One Row Changed in Hudi. The Vector Index Resynced Itself.

Introduction

When working with large scale data pipelines, a common challenge is managing downstream consumers when the source table mutates. For structured queries, Apache Hudi provides an elegant solution. Hudi supports incremental reads out of the box, allowing downstream systems to pull only the changes and stay in sync without rescanning the entire table.

However, the situation becomes more complex with vector indices.

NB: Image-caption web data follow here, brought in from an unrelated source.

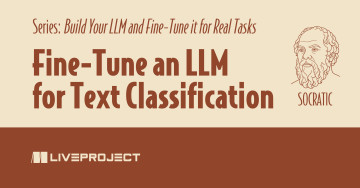 Fine-Tune an LLM for Text Classification - Tobias Zwingmann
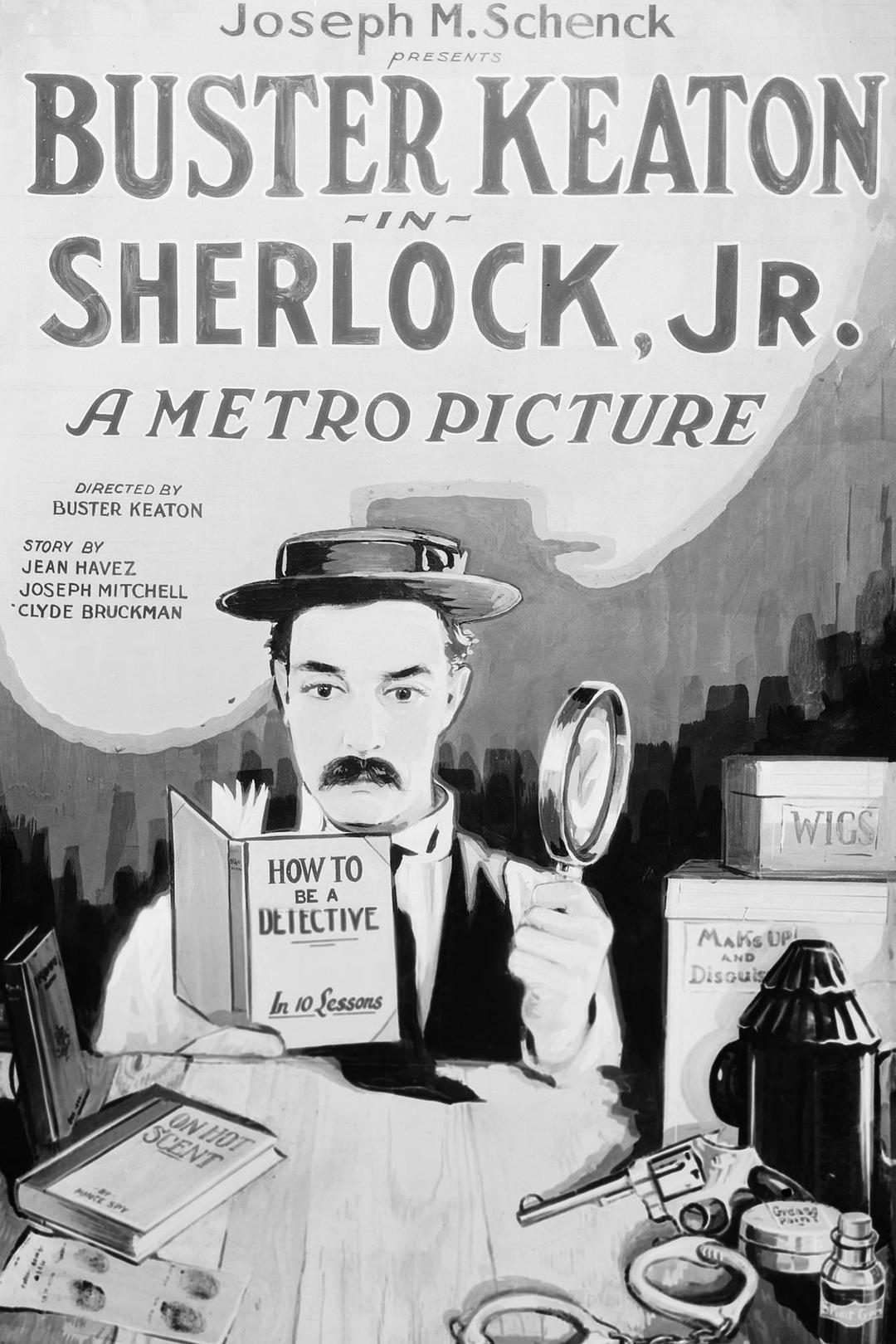 Ħ˹/С˽̽ Sherlock.Jr.1924.1080p.BluRay.x264-PSYCHD 4.37GB-1.png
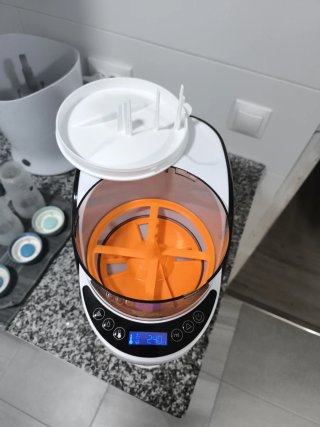 Baby Brezza Fórmula Pro Advanced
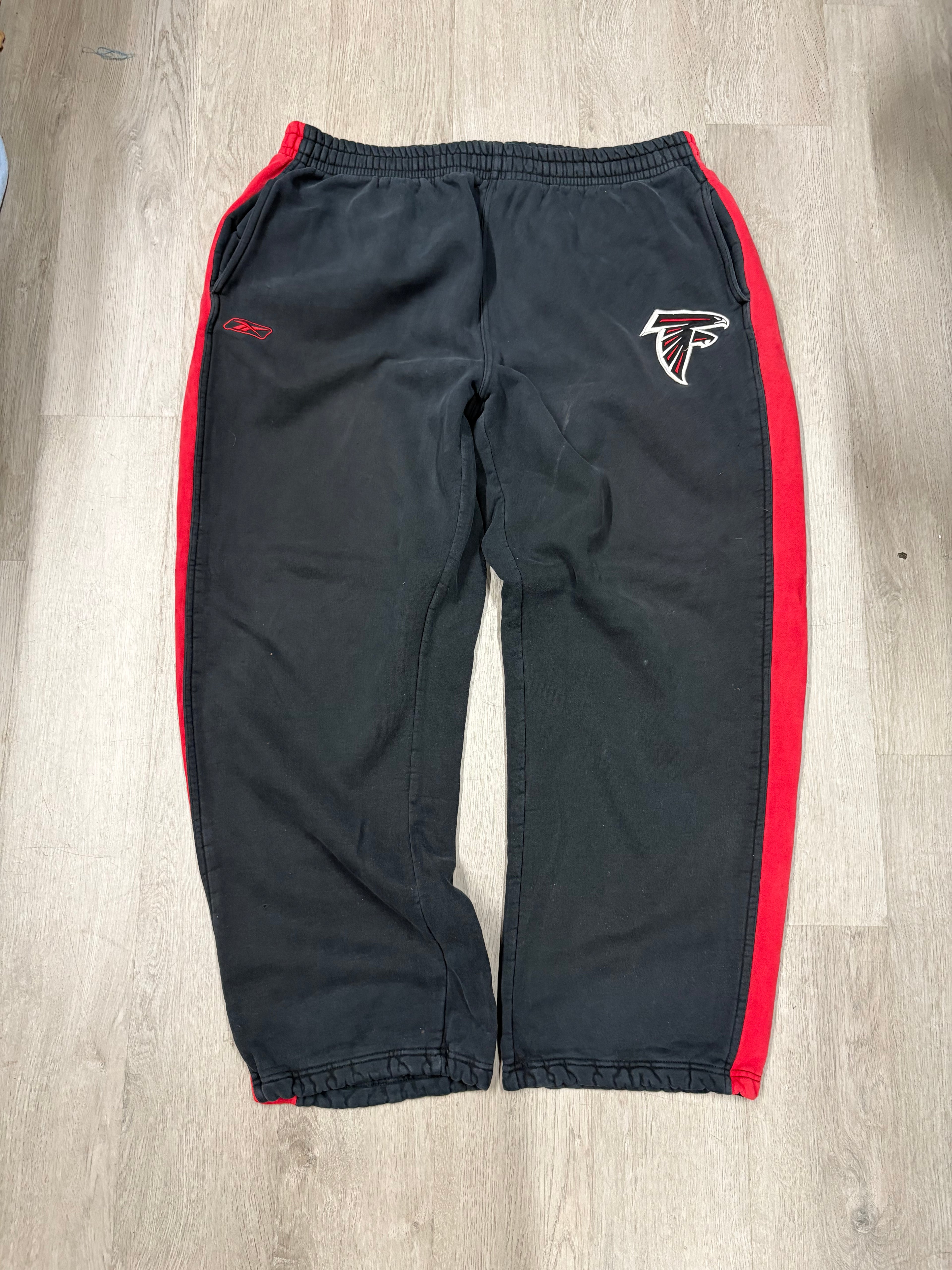 Vintage Reebok Atlanta Falcons Sweatpants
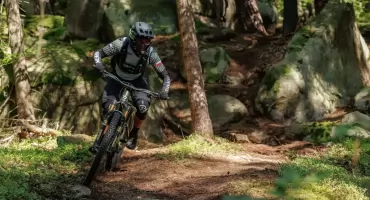 Rowerowy weekend w Szklarskiej Porębie. Enduro i gravel na jednej imprezie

When building a semantic search system on top of a mutable table, the embeddings typically reside in a separate vector store like LanceDB. The moment a record changes in the source table, the corresponding embedding in the vector store becomes stale. Search results end up being served based on text that no longer exists. Many architectures deal with this by scheduling a nightly full rebuild. This works fine until the table grows large enough that re-embedding everything stops being practical.

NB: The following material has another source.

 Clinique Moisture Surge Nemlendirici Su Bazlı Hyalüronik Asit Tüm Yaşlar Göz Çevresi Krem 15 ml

This project demonstrates a simpler, more efficient approach: leveraging Hudi’s incremental queries to detect precisely which rows changed, and re-embedding just those specific rows in LanceDB.

The full code is available on GitHub, and this post explains the architecture, the implementation, and key technical takeaways.

Reproducing the setup

To run the demo locally, download winemag-data-130k-v2.csv from Kaggle’s Wine Reviews dataset and place it at data/winemag-data-130k-v2.csv. The repo expects that exact path.

LanceDB does not need a separate server in this demo. The Python client creates a local database at lance_db, writes a wine_reviews table, and builds a cosine index over the 384-dimensional vectors.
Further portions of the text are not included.